Pulmonary edema is swelling and/or fluid accumulation in the lungs. It leads to impaired gas exchange and may cause respiratory failure. It is due to either failure of the heart to remove fluid from the lung circulation, or due to a direct insult to the lung parenchyma. Treatment depends on the cause, but focuses on maximizing respiratory function and removing the cause.
Signs and symptoms
Symptoms of pulmonary edema include difficulty breathing, coughing up blood, excessive sweating, anxiety and pale skin. If left untreated, it can lead to coma and even death, generally due to its main complication of hypoxia.
If pulmonary edema has been developing gradually, symptoms of fluid overload may be elicited. These include nocturia (frequent urination at night), ankle edema (swelling of the legs, generally of the “pitting” variety), orthopnea (inability to lie down flat due to breathlessness) and paroxysmal nocturnal dyspnea (episodes of severe sudden breathlessness at night).
Pulmonary edema is generally suspected due to findings in the medical history of a patient, such as previous cardiovascular disease, and physical examination: end-inspiratory crackles (sounds heard at the end of a deep breath) on auscultation (listening to the breathing through a stethoscope) are characteristic for pulmonary edema. The presence of a third heart sound (S3) is predictive of cardiogenic pulmonary edema.
Blood tests are generally performed for electrolytes (sodium, potassium) and markers of renal function (creatinine, urea). Liver enzymes, inflammatory markers (usually C-reactive protein) and a complete blood count, as well as coagulation studies (PT, aPTT) are typically requested. B-type natriuretic peptide (BNP) is available in many hospitals, especially in the US, sometimes even as a point-of-care test. Low levels of BNP (<100 pg/ml) make a cardiac cause very unlikely.

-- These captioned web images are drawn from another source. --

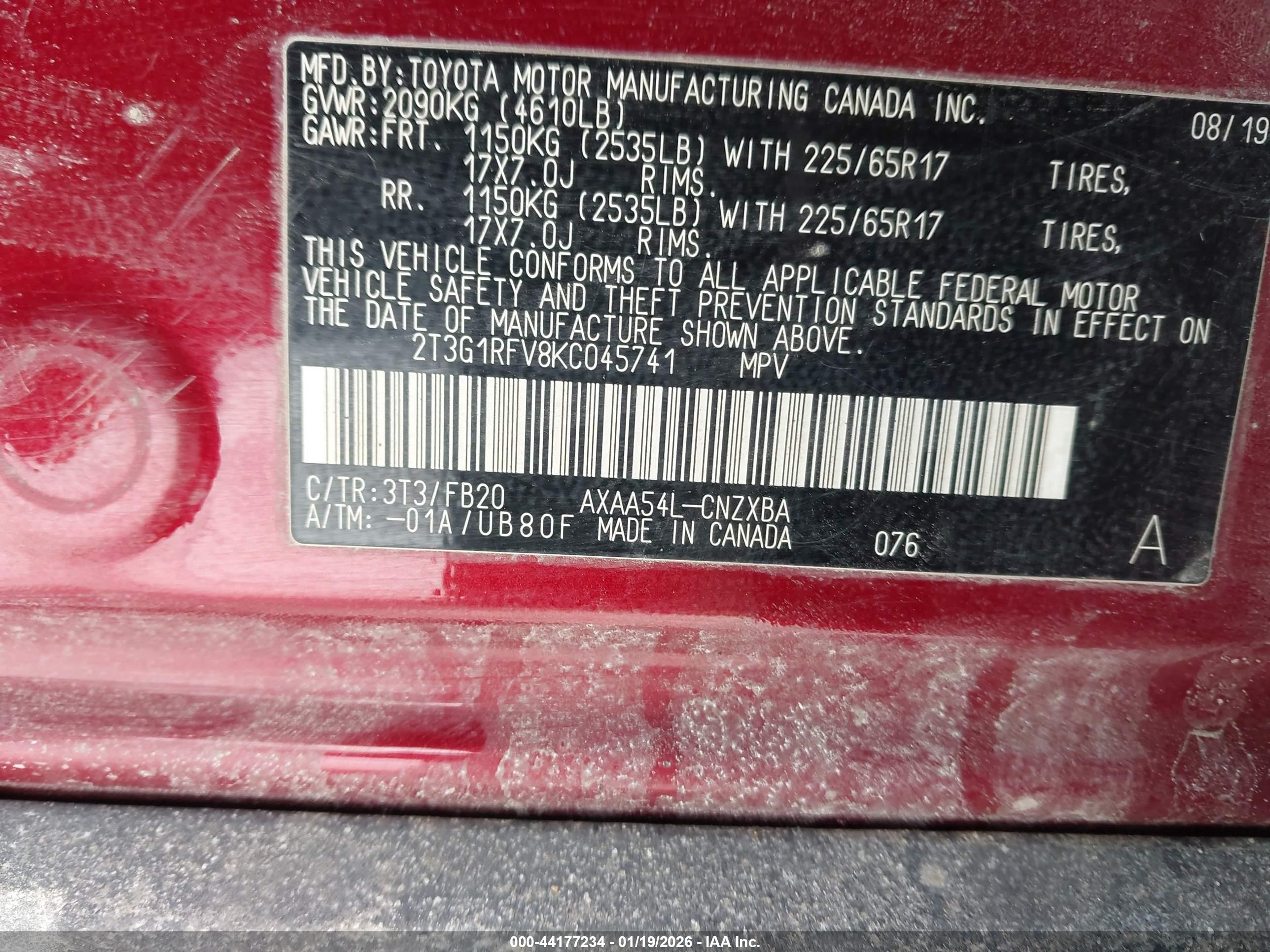 TOYOTA RAV4 image 9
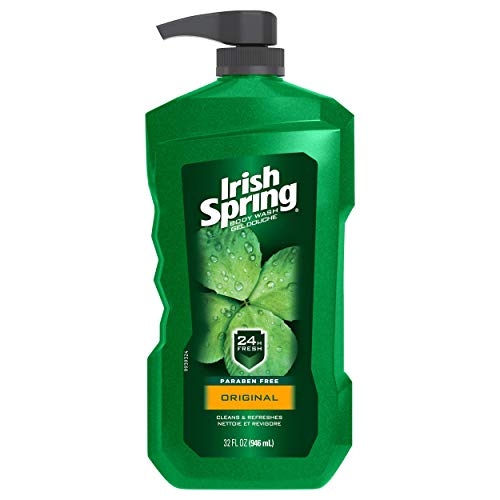 Irish Spring Men's Body Wash Pump, Original - 32 Fluid Ounce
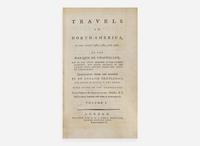 [Americana] Chastellux, (Francois J.) Marquis de: Travels in North-America...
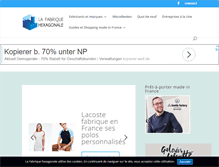 Tablet Screenshot of lafabriquehexagonale.com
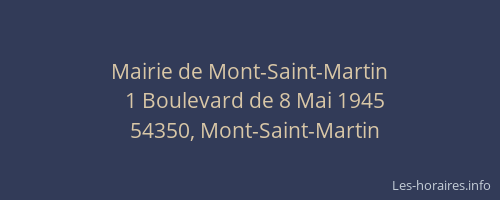 Mairie de Mont-Saint-Martin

The diagnosis is confirmed on X-ray of the lungs, which shows increased fluid in the alveolar walls. Kerley B lines, increased vascular filling, pleural effusions, upper lobe diversion (increased blood flow to the higher parts of the lung) may be indicative of cardiogenic pulmonary edema, while patchy alveolar infiltrates with air bronchograms are more indicative of noncardiogenic edema.
Low oxygen saturation and disturbed arterial blood gas readings may strengthen the diagnosis and provide grounds for various forms of treatment. If urgent echocardiography is available, this may strengthen the diagnosis, as well as identify valvular heart disease. In rare occasions, insertion of a Swan-Ganz catheter may be required to distinguish between the two main forms of pulmonary edema.
Pulmonary edema is either due to direct damage to the tissue or as a result of inadequate functioning of the heart or circulatory system.
• Congestive heart failure
• Severe heart attack with left ventricular failure
• Severe arrhythmias (tachycardia/fast heartbeat or bradycardia/slow heartbeat)
• Hypertensive crisis
• Pericardial effusion with tamponade
• Fluid overload, e.g. from kidney failure
This form is contiguous with ARDS (acute respiratory distress syndrome):
• Inhalation of toxic gases
• Multiple blood transfusions
• Severe infection
• Pulmonary contusion, i.e. high-energy trauma
• Multitrauma, e.g. severe car accident
• Neurogenic, e.g. subarachnoid hemorrhage
• Aspiration, e.g. gastric fluid or in case of drowning
• Certain types of medication
• Upper airway obstruction
• Reexpansion, i.e. postpneumonectomy or large volume thoracentesis
• Reperfusion injury, i.e. postpulmonary thromboendartectomy or lung transplantation
• Ascent to high altitude occasionally causes high altitude pulmonary edema (HAPE)
Focus is initially on maintaining adequate oxygenation. This may happen with high-flow oxygen, noninvasive ventilation (either continuous positive airway pressure (CPAP) or variable positive airway pressure (VPAP) or mechanical ventilation in extreme cases.
When circulatory causes have led to pulmonary edema, treatment with intravenous nitrates (glyceryl trinitrate), and loop diuretics, such as furosemide or bumetanide, is the mainstay of therapy. These improve both preload and afterload, and aid in improving cardiac function.
There are no causal therapies for direct tissue damage; removal of the causes (e.g. treating an infection) is the most important measure.